#### What you have to do
Every entry needs to be written out again exactly, with its pictures removed.

──────── The data ────────

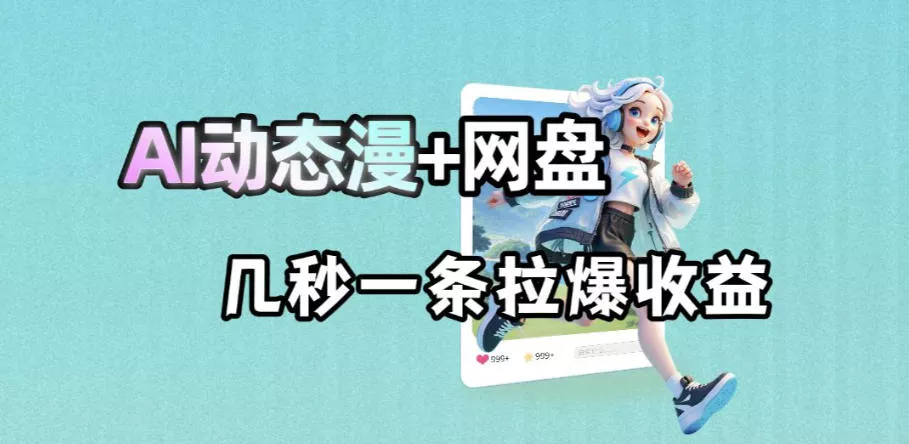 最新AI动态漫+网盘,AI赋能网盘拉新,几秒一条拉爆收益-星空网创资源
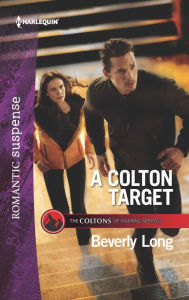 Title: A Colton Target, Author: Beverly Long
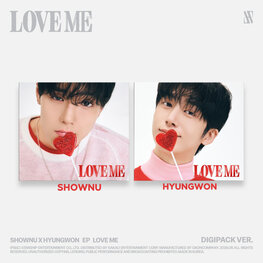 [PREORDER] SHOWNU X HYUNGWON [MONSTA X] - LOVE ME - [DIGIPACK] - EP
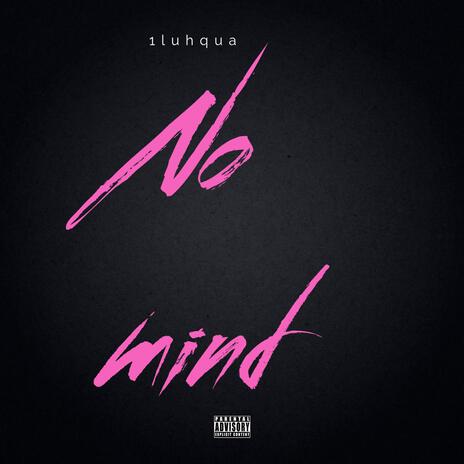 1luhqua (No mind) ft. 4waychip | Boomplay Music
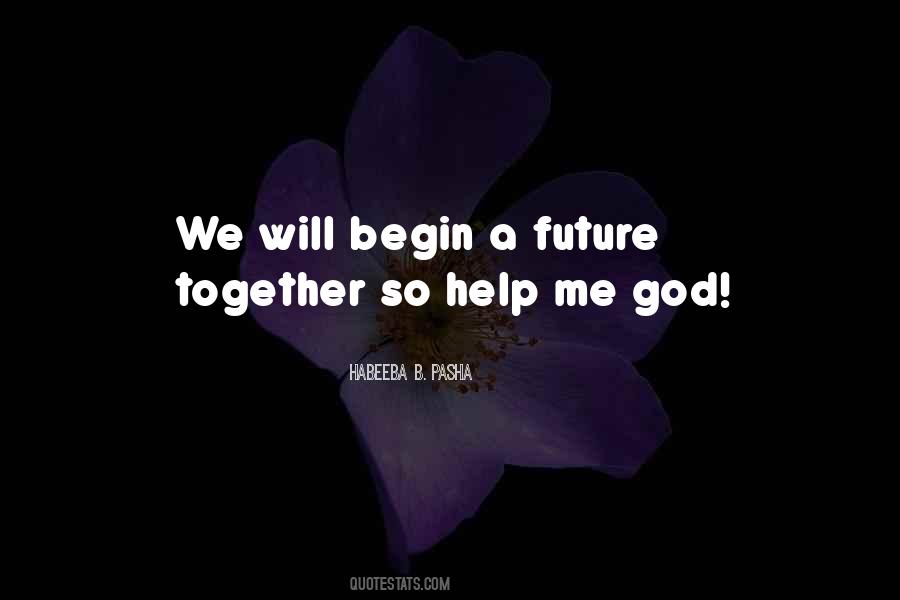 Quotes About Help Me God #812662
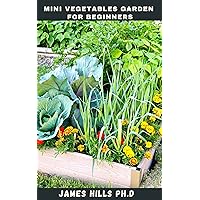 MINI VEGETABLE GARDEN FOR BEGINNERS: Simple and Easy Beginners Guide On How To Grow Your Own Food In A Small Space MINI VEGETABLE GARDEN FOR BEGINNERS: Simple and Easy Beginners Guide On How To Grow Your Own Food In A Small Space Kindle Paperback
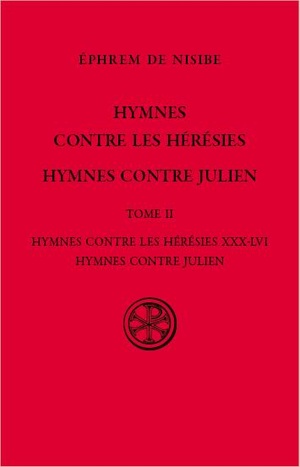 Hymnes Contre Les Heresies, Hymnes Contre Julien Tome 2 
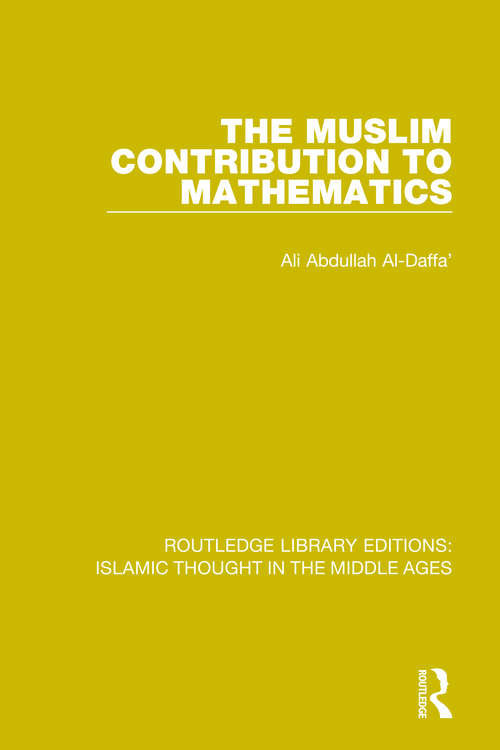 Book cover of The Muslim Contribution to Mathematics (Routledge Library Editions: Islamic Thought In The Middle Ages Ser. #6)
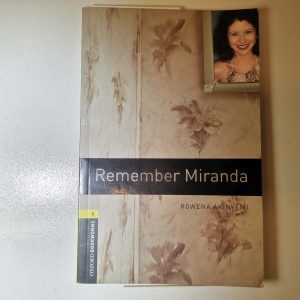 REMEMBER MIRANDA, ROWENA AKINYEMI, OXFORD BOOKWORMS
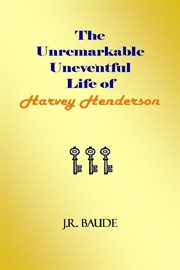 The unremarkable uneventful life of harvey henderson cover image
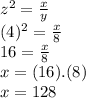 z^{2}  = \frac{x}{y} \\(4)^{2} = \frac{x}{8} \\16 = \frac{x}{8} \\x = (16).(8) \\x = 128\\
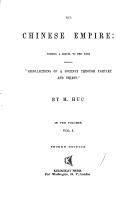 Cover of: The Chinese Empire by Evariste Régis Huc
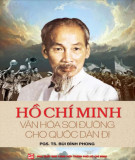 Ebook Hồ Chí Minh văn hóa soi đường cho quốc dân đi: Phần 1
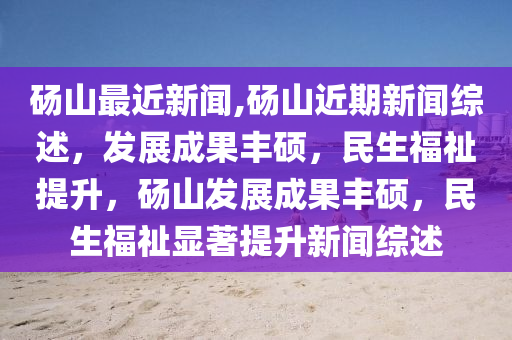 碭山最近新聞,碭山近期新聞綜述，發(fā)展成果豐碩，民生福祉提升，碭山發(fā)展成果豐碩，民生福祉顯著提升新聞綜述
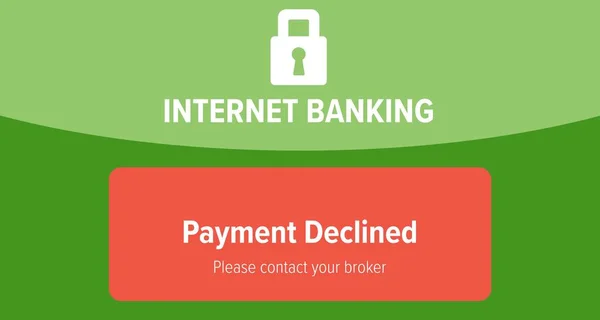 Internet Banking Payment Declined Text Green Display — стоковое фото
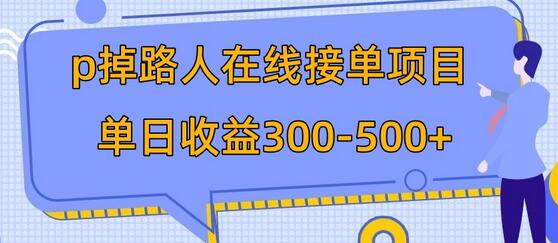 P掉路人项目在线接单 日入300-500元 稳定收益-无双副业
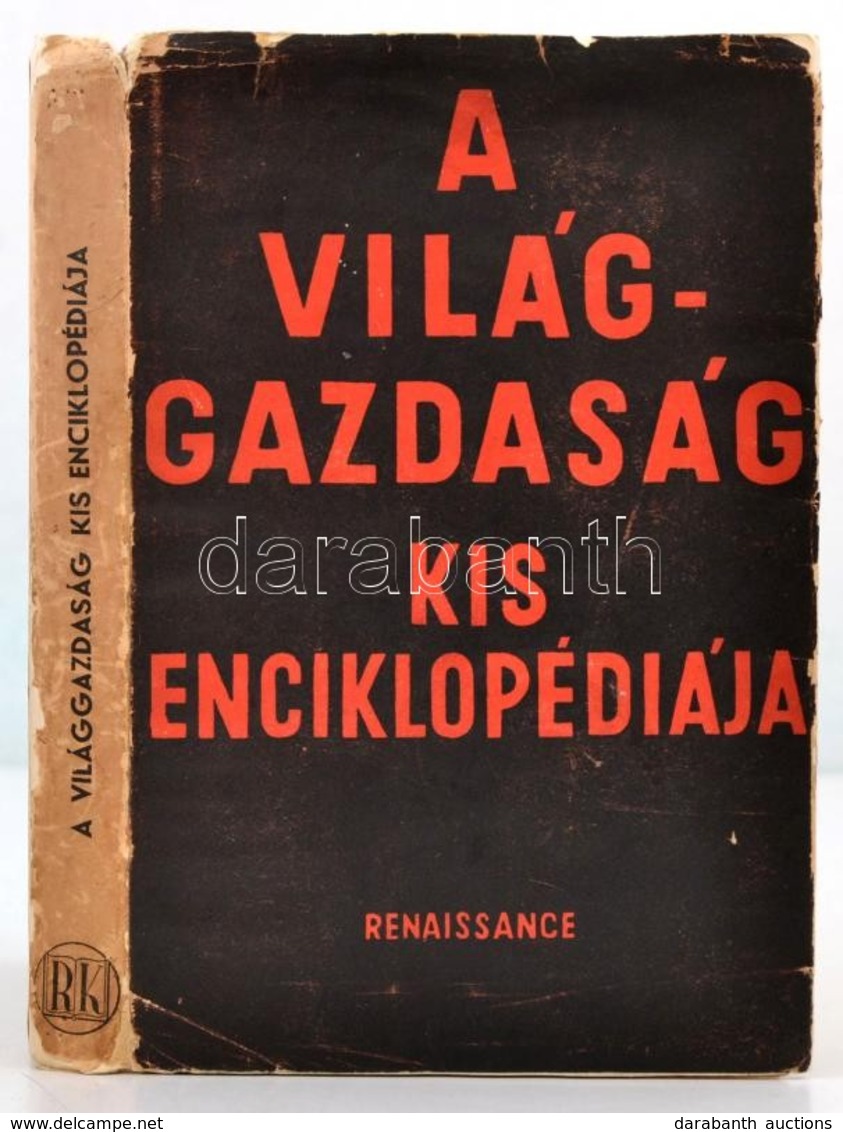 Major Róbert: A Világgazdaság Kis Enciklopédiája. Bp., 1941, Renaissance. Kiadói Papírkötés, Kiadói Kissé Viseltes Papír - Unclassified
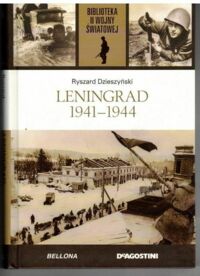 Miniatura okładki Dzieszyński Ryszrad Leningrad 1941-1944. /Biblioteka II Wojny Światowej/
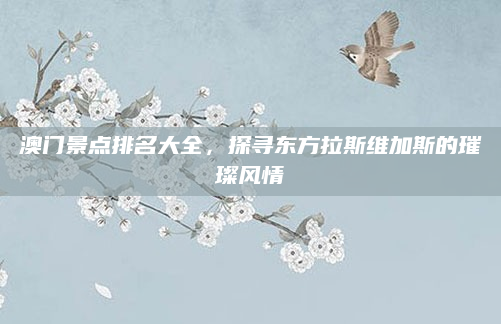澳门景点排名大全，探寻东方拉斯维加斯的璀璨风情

────────

#### Finished exercise
 最新AI动态漫+网盘,AI赋能网盘拉新,几秒一条拉爆收益-星空网创资源
 Title: A Colton Target, Author: Beverly Long
 [PREORDER] SHOWNU X HYUNGWON [MONSTA X] - LOVE ME - [DIGIPACK] - EP
 1luhqua (No mind) ft. 4waychip | Boomplay Music
 Quotes About Help Me God #812662
 MINI VEGETABLE GARDEN FOR BEGINNERS: Simple and Easy Beginners Guide On How To Grow Your Own Food In A Small Space MINI VEGETABLE GARDEN FOR BEGINNERS: Simple and Easy Beginners Guide On How To Grow Your Own Food In A Small Space Kindle Paperback
 Hymnes Contre Les Heresies, Hymnes Contre Julien Tome 2 
 Book cover of The Muslim Contribution to Mathematics (Routledge Library Editions: Islamic Thought In The Middle Ages Ser. #6)
 REMEMBER MIRANDA, ROWENA AKINYEMI, OXFORD BOOKWORMS
 The unremarkable uneventful life of harvey henderson cover image
 z^{2}  = \frac{x}{y} \\(4)^{2} = \frac{x}{8} \\16 = \frac{x}{8} \\x = (16).(8) \\x = 128\\
 Cover of: The Chinese Empire by Evariste Régis Huc
 Ebook Hồ Chí Minh văn hóa soi đường cho quốc dân đi: Phần 1
 碭山最近新聞,碭山近期新聞綜述，發(fā)展成果豐碩，民生福祉提升，碭山發(fā)展成果豐碩，民生福祉顯著提升新聞綜述
 Internet Banking Payment Declined Text Green Display — стоковое фото
 P掉路人项目在线接单 日入300-500元 稳定收益-无双副业
 Major Róbert: A Világgazdaság Kis Enciklopédiája. Bp., 1941, Renaissance. Kiadói Papírkötés, Kiadói Kissé Viseltes Papír - Unclassified
 Miniatura okładki Dzieszyński Ryszrad Leningrad 1941-1944. /Biblioteka II Wojny Światowej/
澳门景点排名大全，探寻东方拉斯维加斯的璀璨风情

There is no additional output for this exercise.